Magnetic Resonance Imaging (MRI) has been providing physicians with vital insights into patients’ insides since their development in the 1970s. However, the machines operate at a glacially slow pace and require the patient remain perfectly still. This makes them ill-suited for use with small children (who’d have to be sedated) and people experiencing time-critical medical emergencies such as strokes. Now, after two years of research, teams from Facebook AI and NYU Langone Health have developed a neural network that can cut the amount of time people have to spend in an MRI machine from more than an hour to just a few minutes.
The network, dubbed fastMRI, shortens the scanning time because it only requires a quarter as much data to resolve the image. MRIs work by generating an intense, localized magnetic field. When the atomic nuclei of certain elements, like hydrogen, will absorb radio frequency (RF) energy when exposed to the magnetic field and then reemit it as a measurable RF frequency.
“If you've been sitting in an MRI, you've been hearing that buzzing sound it makes when it gathers data, Dr. Dan Sodickson, a researcher at NYU Langone Health, told Engadget, “it is the raw data from which a magnetic resonance image is derived... and that raw data actually looks like this fascinating starburst” (See above.) That k-space data is stored in temporary storage and once it’s full, the scan is complete and the data undergoes a Fourier transform to actually plot out the spatial frequency and generate an MRI image (below).
“The MRI is gathering information across the whole image and then basically that frequency information is being turned into spatial information almost like with a prism,” Sodickson continued. “So if you take a prism and you separate out the colors, on the left is going to be all the blue, on the right is going to be all the red. That's the transform we do... we take all the different frequencies and we sort them out. And when you do that -- boom -- out comes, your familiar image.”
But rather than wait for k-space to fill up, fastMRI only needs 25 percent of the data that traditional MRI machines would require to generate those same images (below). To be clear, this neural network isn’t analyzing existing MRI images at accelerated rates, it’s actively generating them from the raw data itself and they’re effectively identical to traditional scans.

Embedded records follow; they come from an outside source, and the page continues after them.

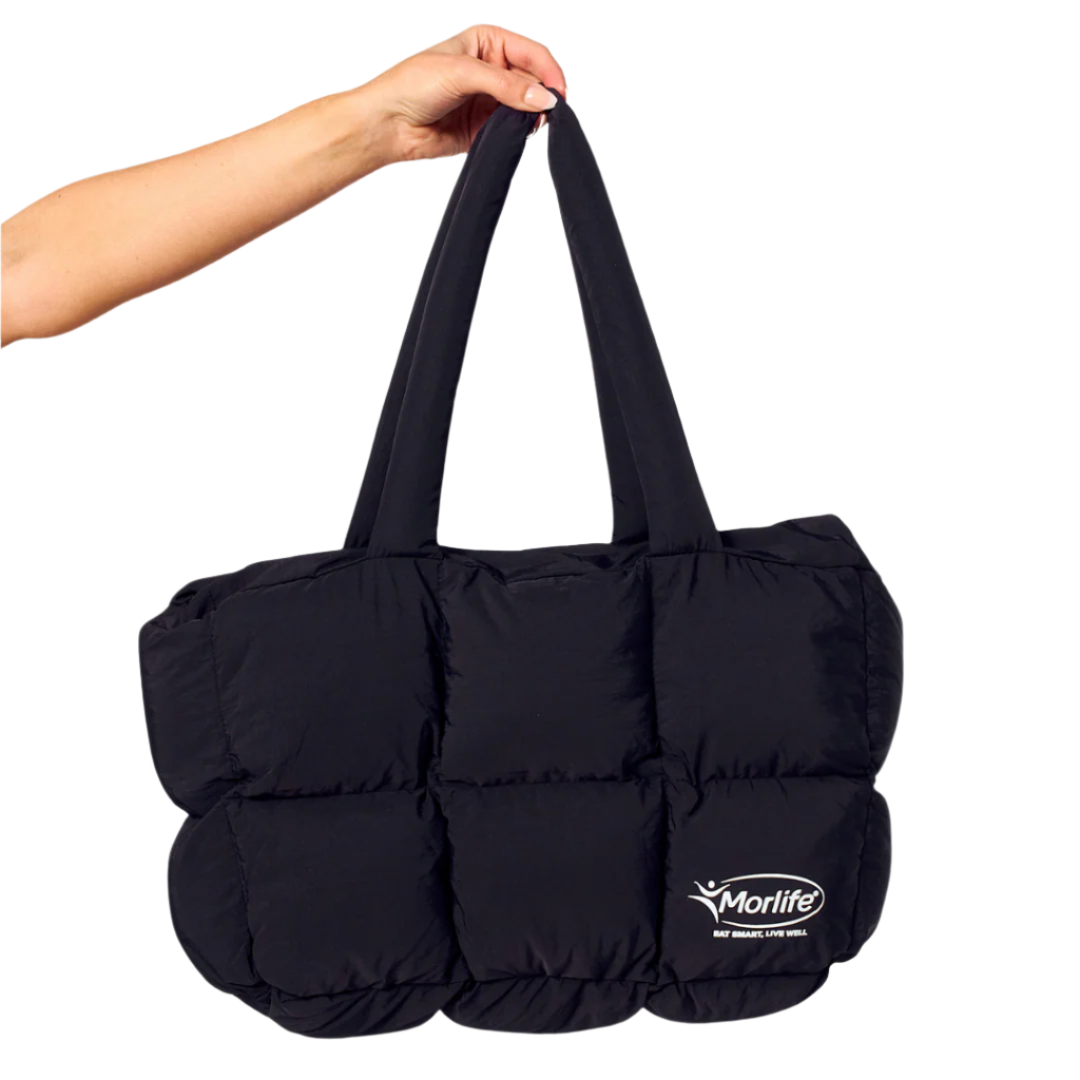 Black puffer bag held by a hand with Morlife logo on a white background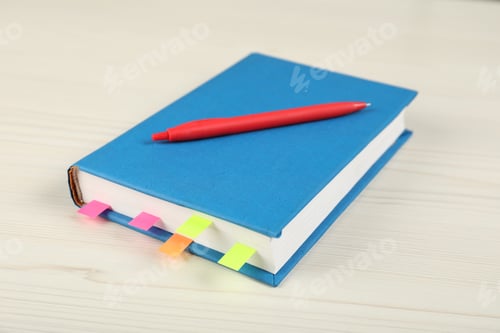 Preview: Book with colorful tabs and pen on light wooden table, closeup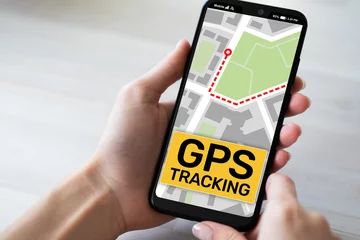 Selbstklebende Fototapeten GPS tracking map on smartphone screen. Global positioning system, navigation concept. © WrightStudio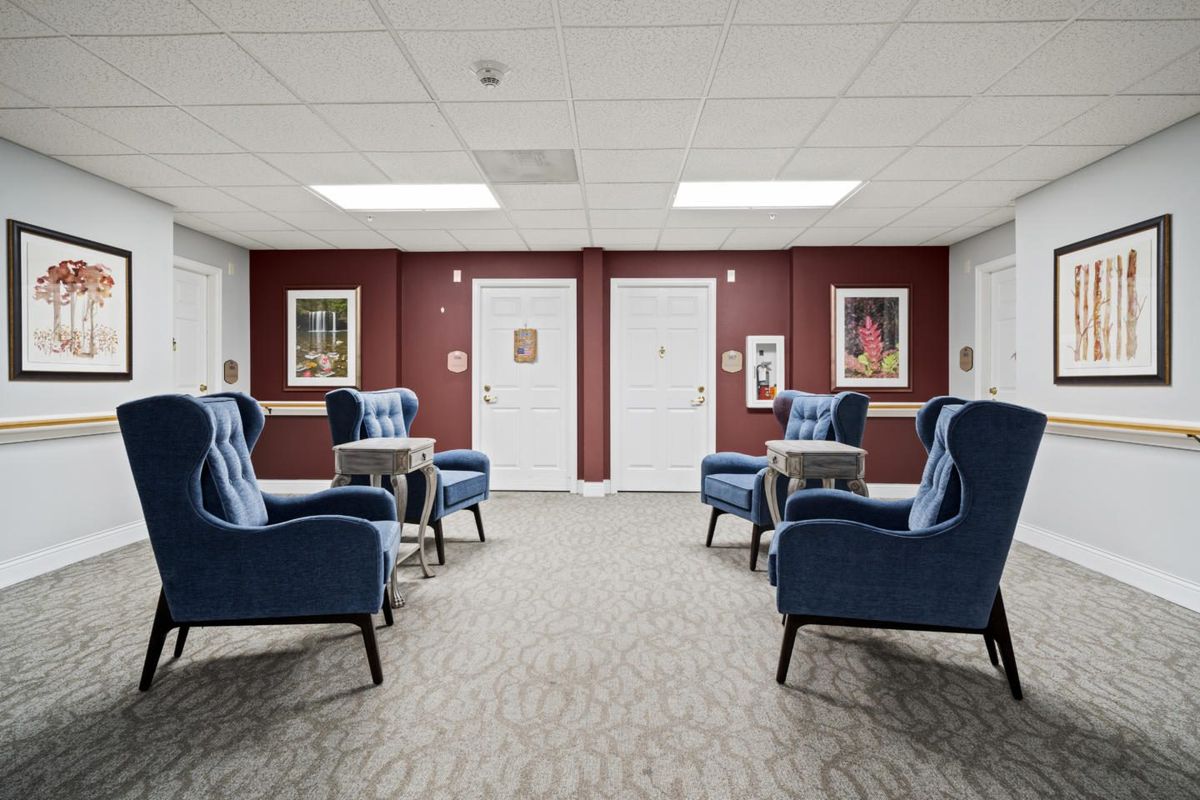 A modern lounge area with blue armchairs and framed artwork on the walls.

Facebook recruited six radiologists to examine two sets of MRI sequences of a patient’s knee, one from a traditional MRI, the other using fastMRI. “The study found there were no significant differences in the radiologists’ evaluations,” per a Facebook post on Tuesday. “Five of the six radiologists were not able to correctly discern which images were generated using AI.” Someone give that sixth radiologist a raise.

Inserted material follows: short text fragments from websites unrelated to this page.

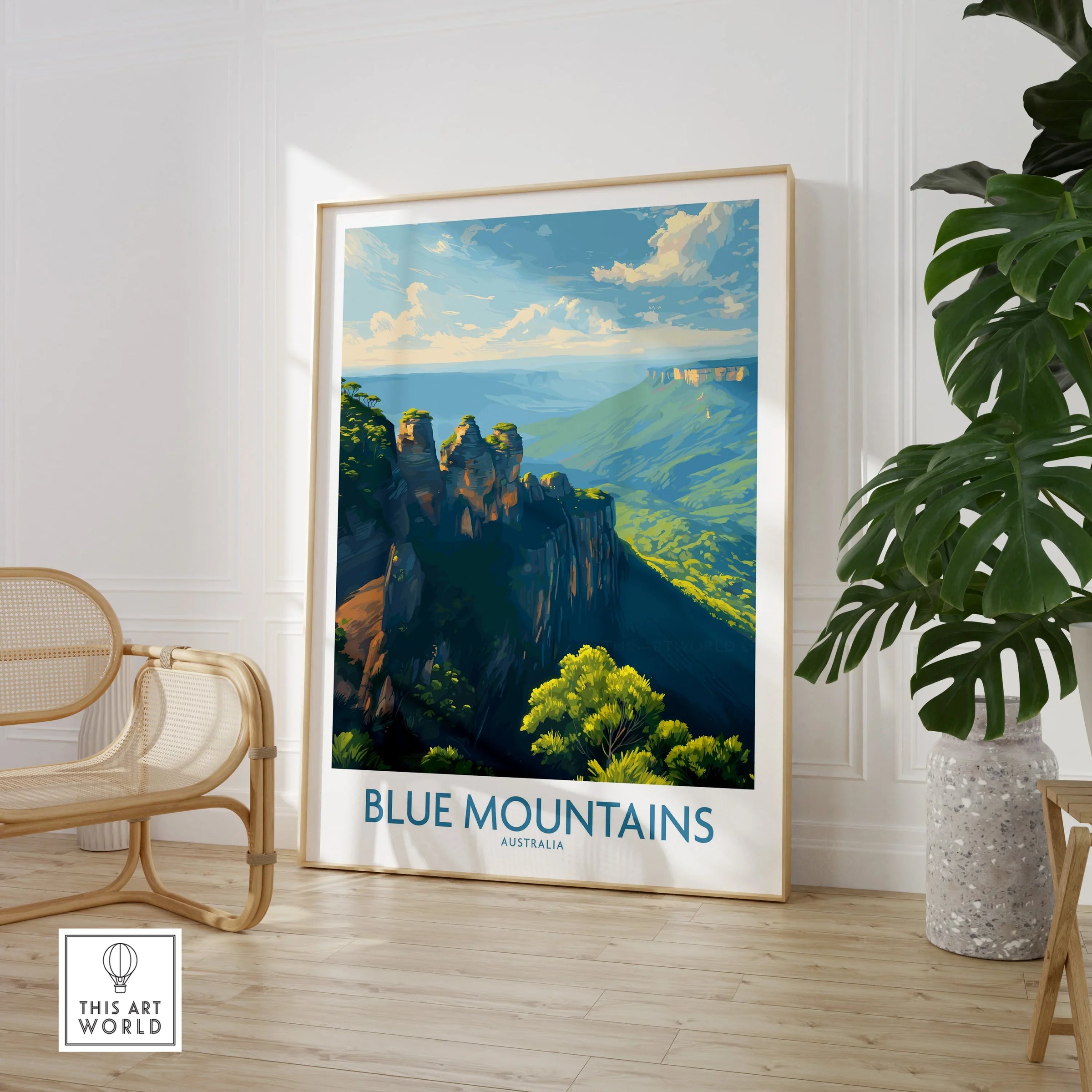 Framed Blue Mountains Australia travel poster in modern room with chair and large plant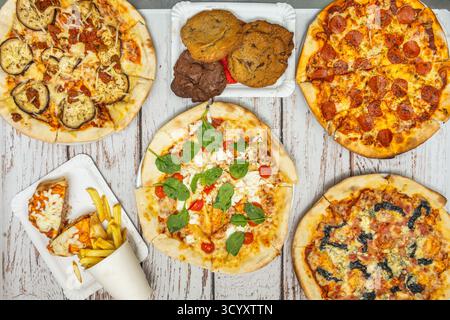 Spinach and ricotta pizza with fresh spinach, creamy ricotta, flaked garlic, and nutmeg Stock Photo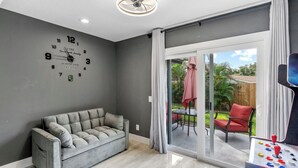 A modern living room with a grey sofa, a wall clock, and a sliding glass door leading to an outdoor patio. - Staycation Station (Tampa)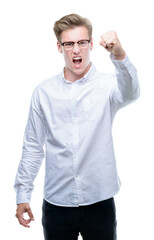 Naklejka premium Young handsome blond man angry and mad raising fist frustrated and furious while shouting with anger. Rage and aggressive concept.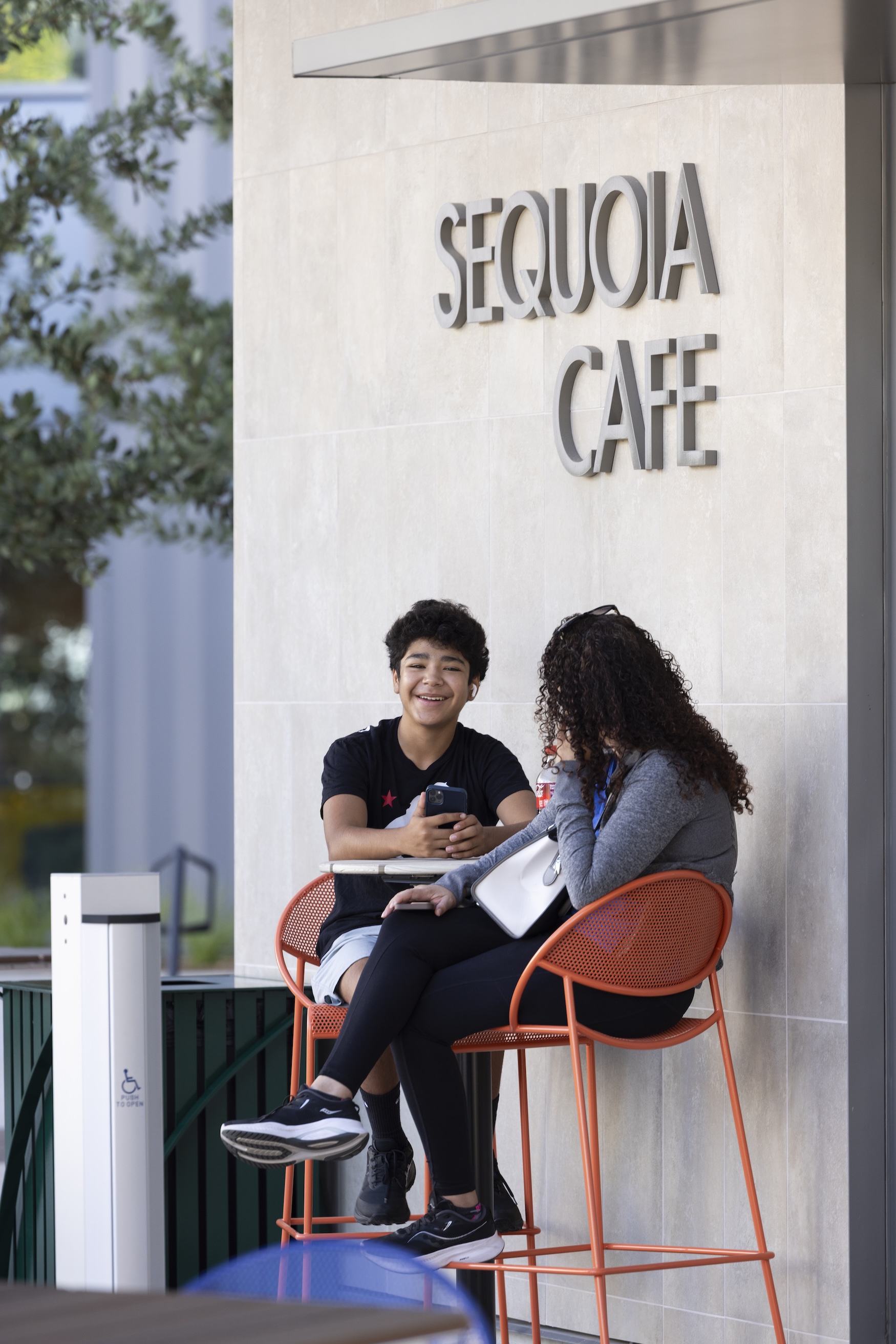 Two persons sitting outside Sequoia Cafe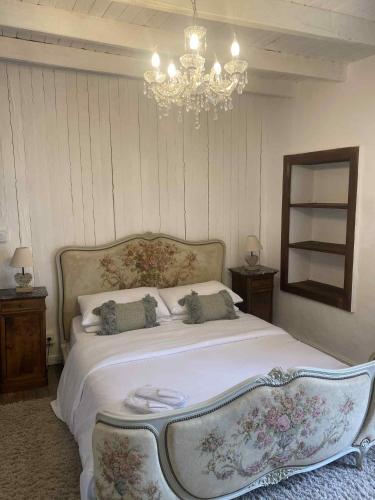 a bedroom with a large bed with a chandelier at Le Puy Chevalier - La Belle Vue in Oradour-sur-Vayres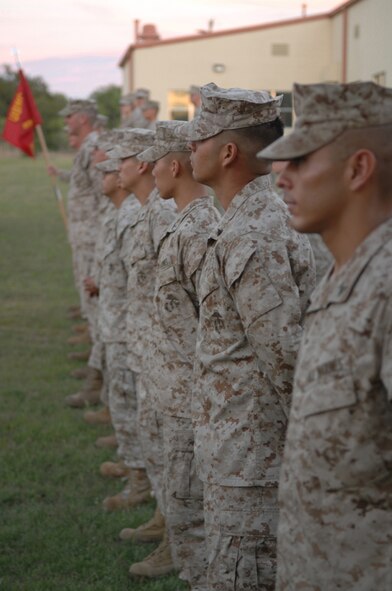 MINERAL WELLS, Texas -- Marines from Detachment 1 Motor T Maintenance Company, stand at ease in formation May 8, 2008. The Marines had to be briefed about the weekend ahead of them at the rifle range located in Mineral Wells, Texas. The briefing was to ensure everyone knew what was expected of them and safety precautions that needed to be folllowed. (U.S. Air Force photo by Airman 1st Class Jennifer Romig)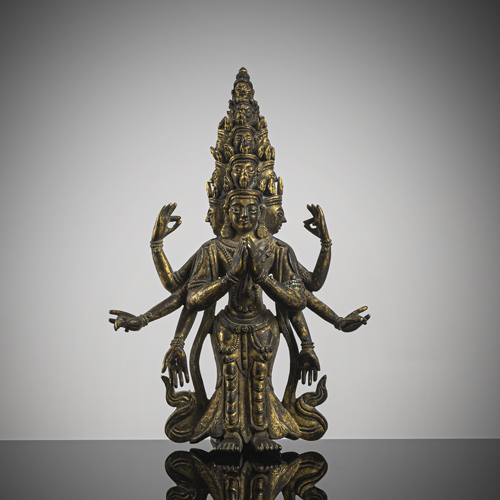 <b>A GILT-BRONZE FIGURE OF EKADASHALOKESHVARA</b>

“We wanted to start with a large data set so we don't end up overfitting,” Nafissa Yakubova, a researcher at Facebook AI, told Engadget. ”So we had, I think, thousands of MRI cases from the knee,” as well as a repository of MRI brain scans, each of which contained as many as 800 still images, to use in training the fastMRI model.
Not only will this system help alleviate the stress of people who might be squeamish about spending an hour in a coffin-sized cylinder that turns their hydrogen atoms into tiny radio transmitters, but it will also enable hospitals to serve more patients as well.

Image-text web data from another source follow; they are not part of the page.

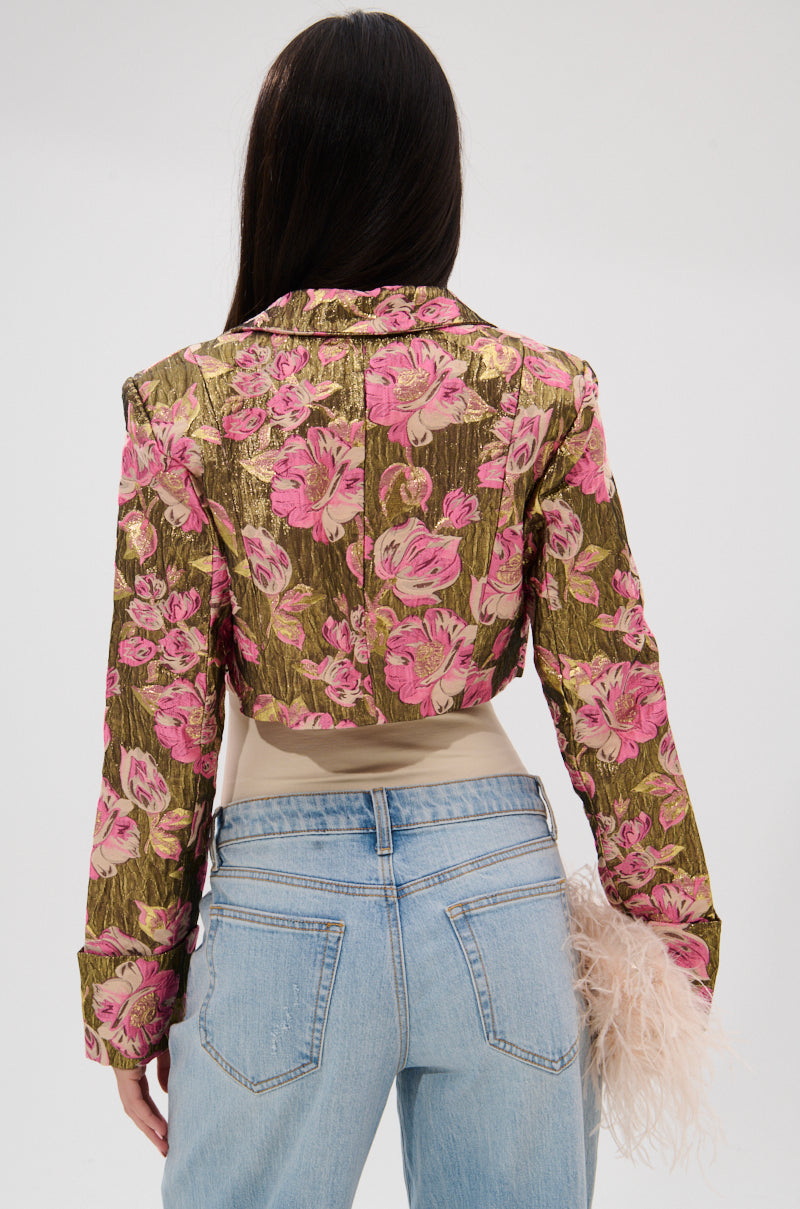 A person with long dark hair, shown from the back against a plain light background, wears the LIGHT THE WAY BROCADE BLAZER—gold and pink with a cropped silhouette—over a beige top and light blue jeans, holding a beige feathered accessory. 6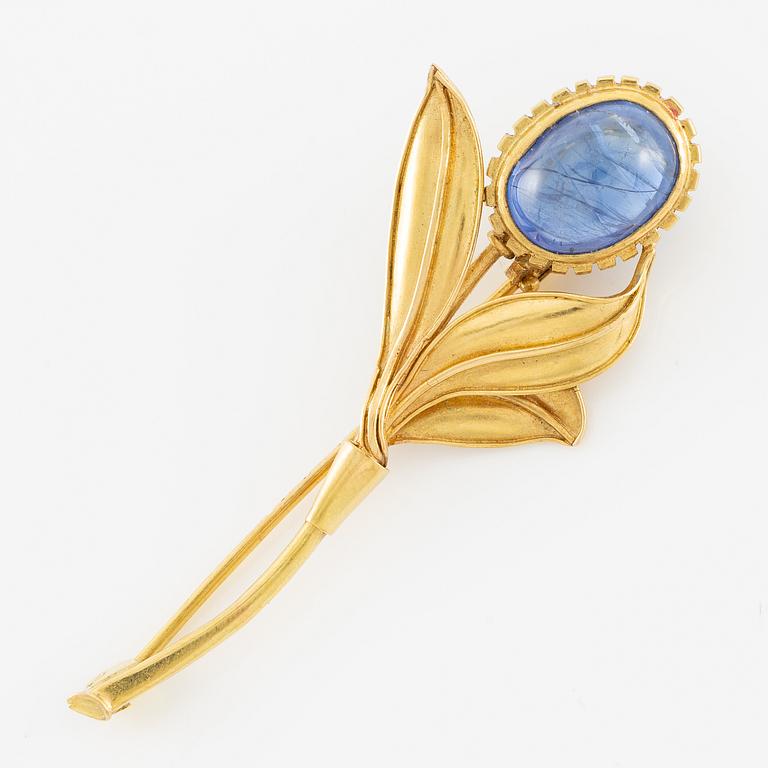 Brosch, 18K guld i form av blomma med cabochonslipad safir.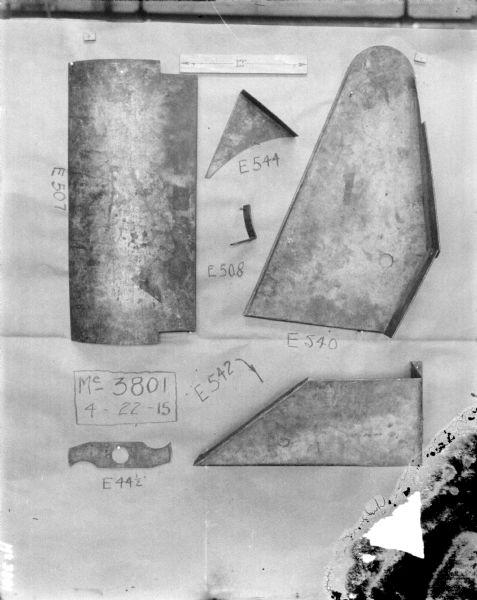 Parts are displayed on a board. At the top is a piece of paper that has a double-sided arrow with 12" written in the center. Part numbers are written below.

“Not every institution, every hospital, every country has an abundance of MRI machines so a lot of the time you have people waiting to get scanned,” Sodickson said. “I would like to reduce that burden.”
What’s more, the system works with existing MRI machines -- there’s no need to retrofit anything because this is all just software, it can be installed like a DLC. “Because it's open-sourced anybody, any manufacturer could have access to it right now and use it for further testing,” Yakubova said. Of course, device manufacturers will still have to receive FDA certification before implementing it.